What The West’s Disorderly Withdrawal from Afghanistan Tells Us About Privacy and its Preservation
In the wake of the West’s chaotic withdrawal from Kabul, and the rapid takeover of the country by the Taliban, Afghanistan continues to dominate the headlines. Given the major geopolitical implications of these events, with China already looking to capitalize on the West’s failure, that’s hardly surprising. What is more unexpected is how prominently issues of privacy figure in the new chapter of Afghanistan’s unfolding story. The central concern involves biometrics, an area that Privacy News Online has noted previously is fraught with risks.
As The Intercept was the first to report, it seems that amongst the large collection of US military hardware seized by the Taliban there are biometric devices known as HIIDE: Handheld Interagency Identity Detection Equipment. The associated Biometric Automated Toolset System (BATS) uses fingerprints and retina scans to help the US military “tell the difference between the good guys and the bad guys” in a number of countries. The Afghan biometrics program formally began in 2009, with help from the FBI. A “U.S. Army Commander’s Guide to Biometrics in Afghanistan” from 2011 is still available online. As an article from 2016 explains, the primary target of these biometric systems was insurgents:
A majority of our operations produce biometric information that leads to arrests, warrants, and the removal of insurgent anonymity. Furthermore, increasing components of our successful insurgent-targeted operations are a result of our biometric collection and enrollment processes. Across Regional Command–East (RC-E), biometric intelligence-driven operations have achieved major impacts on the insurgent ability to maintain leadership and lower-level cell structures as both coalition and Afghan forces regularly employ biometrically developed insurgent watch lists and “be on the lookout” (BOLO) messages and as they execute deliberate detention operations.

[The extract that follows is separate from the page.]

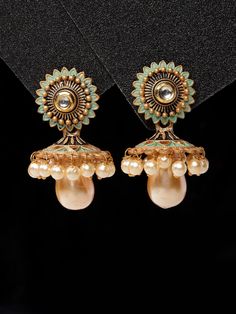 Gold-Plated Floral Jhumkas Earrings Earrings/Indian Jewelry/Pakistani Jewelry/Bollywood Pearl Jewelry/CZ Ethnic Earrings/Statement Earrings Main Stone: Kundan Style : Drop Earring Color : Golden Metal: Alloy Closure: Post and Back Size & Fit: Length of Earring: 4.5 CM Material & Care: Alloy and Artificial beads Care Instructions: Wipe your jewellery with a soft cloth after every use Always store your jewellery in a flat box to avoid accidental scratches Keep sprays and perfumes away from your je Temple Jewelry Kundan Jhumkas For Pierced Ears, Traditional Festive Danglers For Pierced Ears, Bollywood Festive Earrings For Pierced Ears, Festive Kundan Danglers, Festive Chandbali Danglers For Pierced Ears, Festive Meenakari Drop Pearl Earrings, Bollywood Meenakari Earrings For Eid, Bollywood Style Kundan Jhumkas, Bollywood Style Meenakari Earrings For Eid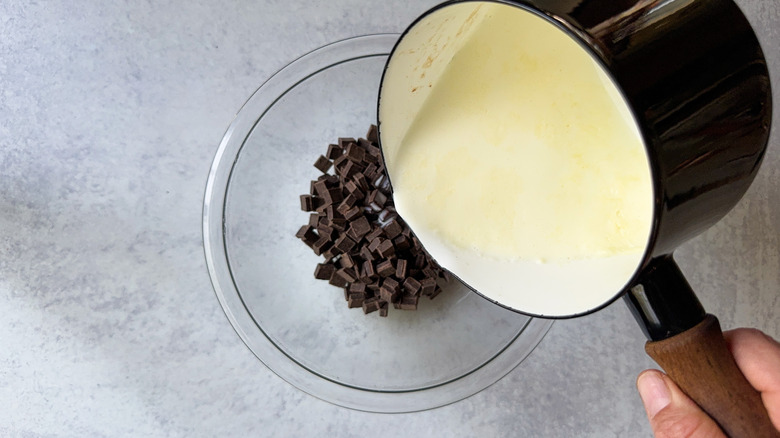 cream pouring over chocolate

Biometric information about insurgents falling into the hands of the Taliban is hardly a problem, since they are largely the same people. An article in Technology Review points out that the real danger arises from the personal information held in a US-funded database known as APPS, the Afghan Personnel and Pay System:
Started in 2016 to cut down on paycheck fraud involving fake identities, or “ghost soldiers,” APPS contains some half a million records about every member of the Afghan National Army and Afghan National Police, according to estimates by individuals familiar with the program. The data is collected “from the day they enlisted,” says one individual who worked on the system, and remains in the system forever, whether or not someone remains actively in service.
According to the article, each APPS profile holds around 40 data fields, including details on the individuals’ “military specialty and career trajectory, as well as sensitive relational data such as the names of their father, uncles, and grandfathers, as well as the names of the two tribal elders per recruit who served as guarantors for their enlistment.” If the Taliban gain access to this and similar highly-personal information, they can not only identify Afghans who worked in or for the national army and police, but also their close relatives. It is easy to imagine such data being used for summary executions of the kind that have already taken place. The Zenger News site interviewed the head of a special Taliban unit called Al Isha whose task is specifically to exploit biometric and other data to seek out Afghans who helped the US and its allies. Unfortunately for the latter, the Taliban can now draw on considerable technical expertise: they have already used social media to great effect.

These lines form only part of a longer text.